Nesta semana, acontecimentos na Turquia reacenderam a velha disputa pelo trânsito nos estreitos de Bósforo e Dardanelos.
Essenciais para o acesso ao mar Negro, aonde se encontram países como Rússia, Ucrânia, Geórgia, Bulgária e Romênia, ambos os estreitos ficam em território turco, mas são regulados por leis internacionais, estabelecidas na Convenção de Montreux de 1936.
A relevância geopolítica dos estreitos é tamanha que muitos historiadores apontam Bósforo e Dardanelos como um dos fatores que motivaram a Primeira Guerra Mundial.
Na semana passada, o presidente do parlamento turco, Mustafa Sentop, gerou furor ao sugerir que o presidente do país, Recep Tayyip Erdogan, teria o poder de se retirar da Convenção de Montreux e aplicar as leis turcas aos estreitos.
Em resposta, militares aposentados publicaram carta alertando para a importância da Convenção de Montreux. Dez almirantes foram presos após assinarem o manifesto, considerado pelo presidente turco como incitação a um golpe militar.

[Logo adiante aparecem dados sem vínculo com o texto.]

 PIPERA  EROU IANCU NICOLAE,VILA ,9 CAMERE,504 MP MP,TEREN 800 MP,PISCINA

A convenção é objeto de disputa política na Turquia: enquanto militares apoiam a sua vigência, alas mais conservadoras e nacionalistas do espectro político a consideram uma violação da soberania do país.

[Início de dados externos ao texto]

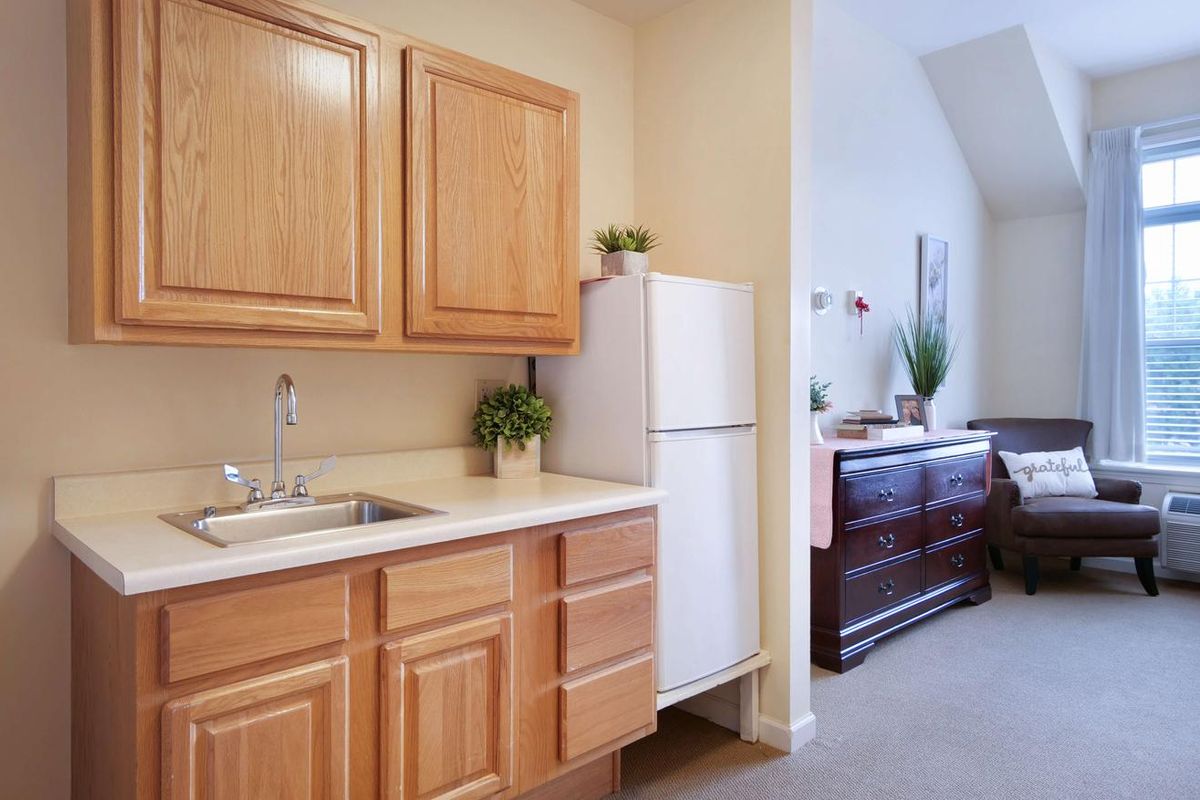 Hemsley House at University Park, Colorado Springs, CO 8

Mas porque a convenção de Montreux gera tanta polêmica? É verdade que a sua revogação poderia gerar um conflito militar regional de grande escala? A Sputnik Brasil conversou com o pesquisador do Instituto de Economia Mundial e Relações Internacionais Primakov da Academia de Ciências da Rússia (IMEMO-RAN, na sigla em russo), Pavel Gudev, para responder a essas perguntas.

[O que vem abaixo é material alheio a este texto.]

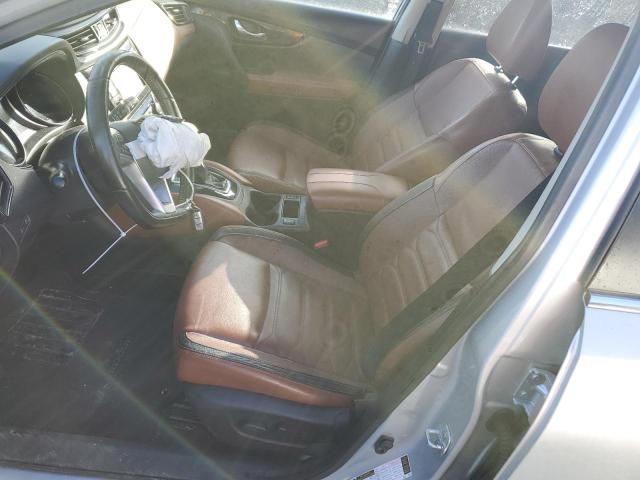 NISSAN ROGUE 2017 Srebrny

"A Convenção de Montreux é multilateral e não pode ser cancelada por nenhum país isoladamente", disse Gudev à Sputnik Brasil. "Do ponto de vista do direito internacional, isso não pode ser feito."
Segundo ele, é possível "rever os seus termos, através da convocação de uma nova conferência. Mas simplesmente dizer que o Erdogan pode, com uma canetada, sair da Convenção de Montreux é uma provocação", disse o especialista.
A convenção garante o livre trânsito de navios comerciais pelos estreitos, sem que a Turquia possa cobrar tarifas sobre a passagem, o que gera insatisfação em parte da classe política do país.
Além de não lucrar com os estreitos, a Turquia ainda deve controlar a passagem de navios militares, que é severamente regulada pela convenção.
"Caso a Conferência de Montreux fosse cancelada, em tese, o regime que passaria a valer nos estreitos seria o da Conferência dos Direitos do Mar da ONU, que prevê que a livre navegação, uma norma bastante liberal de direito marítimo que não permite restrições de nenhum tipo, nem a navios militares", considerou Gudev.
Por isso, "para a Turquia, sair da convenção de Montreux agora não faz sentido, não tem nenhuma conexão com a realidade".
Canal Istambul
Mas a Turquia não precisaria se retirar da Conferência de Montreux para cobrar tarifas e controlar totalmente a passagem pelos estreitos.
O governo Erdogan apoia a construção de um novo canal, chamado Canal Istambul. Paralelo ao Bósforo, o novo canal garantiria um acesso alternativo ao mar Negro.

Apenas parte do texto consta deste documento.